Building on the World Bank’s country-by-country growth projections, Al-Shall calculated expected growth for the combined GCC economy and concluded that aggregate growth in 2025 is likely to reach approximately 3.8 percent.
This outlook is largely driven by stronger growth prospects in Saudi Arabia, the region’s largest economy, and the United Arab Emirates, its second largest.
The report noted that Kuwait is expected to record the lowest growth rate among GCC economies, at around 2.7 percent, following economic contractions in 2023 and 2024. Growth prospects are mainly supported by increased oil export levels.
At the national level, the UAE is expected to record the highest growth rate among GCC peers at around 4.8 percent, supported by continued balanced expansion across both oil and non-oil sectors, as well as strong performance in export diversification.
Saudi Arabia follows with an expected growth rate of approximately 3.8 percent, reflecting ongoing progress in its oil and non-oil sectors, despite the negative impact of rising public debt, which has reached around 32 percent of GDP as a result of financing fiscal deficits.
In this context, the report cited statements by Saudi Arabia’s Minister of Finance during the presentation of the new state budget, in which he downplayed the risks associated with higher debt levels, provided that borrowing is directed toward projects that support economic diversification and generate stronger long-term returns.

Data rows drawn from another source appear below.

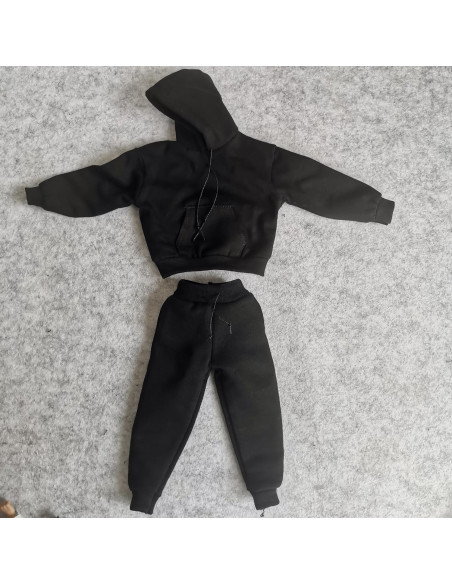 Conjunto Sudadera y Pantalones 1/6 Negro SSbeauty M
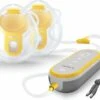 Medela Freestyle Hands-Free Borstkolf – Dubbele Elektrische Handsfree Borstkolf – Draagbaar - Transparant/Geel – Inclusief Oplaadbare Accu -Peuterpaleis Winkel 1200x861 4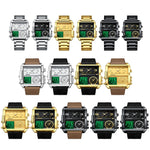 BINBOND B3332 Quadratische Multifunktionale Sport Quarz Wasserdichte Uhr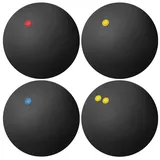 Kisangel 4Pcs Squash Bälle 45 Mm Hochelastizität Squash Bälle Bounce Bälle Für Wettbewerbstraining Und Übung Sportbälle Für Innenschläger Sport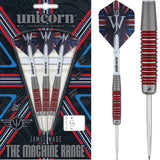 Unicorn James Wade Darts - Steel Tip - The Machine - Red Ringed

Bahrain ranks third in terms of expected growth, with a projected rate of about 3.5 percent, driven primarily by expansion in the non-oil sector, particularly tourism, tourism-related investments, infrastructure projects, and advanced financial services. However, this growth remains constrained by high public debt levels and persistent fiscal deficits.
Among the remaining GCC states, Oman leads with an estimated growth rate of around 3.1 percent, supported by robust non-oil sector performance. The report expects this momentum to continue in the medium term for the same reason.
Qatar follows with a projected growth rate of approximately 2.8 percent, underpinned by the strength of its non-oil economy, despite lower oil and gas prices, in addition to solid external balances, ongoing investment in the expansion of the North Field gas project, and continued budget surpluses.
Al-Shall also reiterated Standard & Poor’s assessment issued in late November, which stated that the enactment of Kuwait’s public debt law would allow the government to borrow in order to finance its needs, without specifying the channels through which the borrowed funds would be utilized.
While this development is considered positive for Kuwait’s lenders, the report noted that it does not directly support economic growth or the diversification of government revenue sources.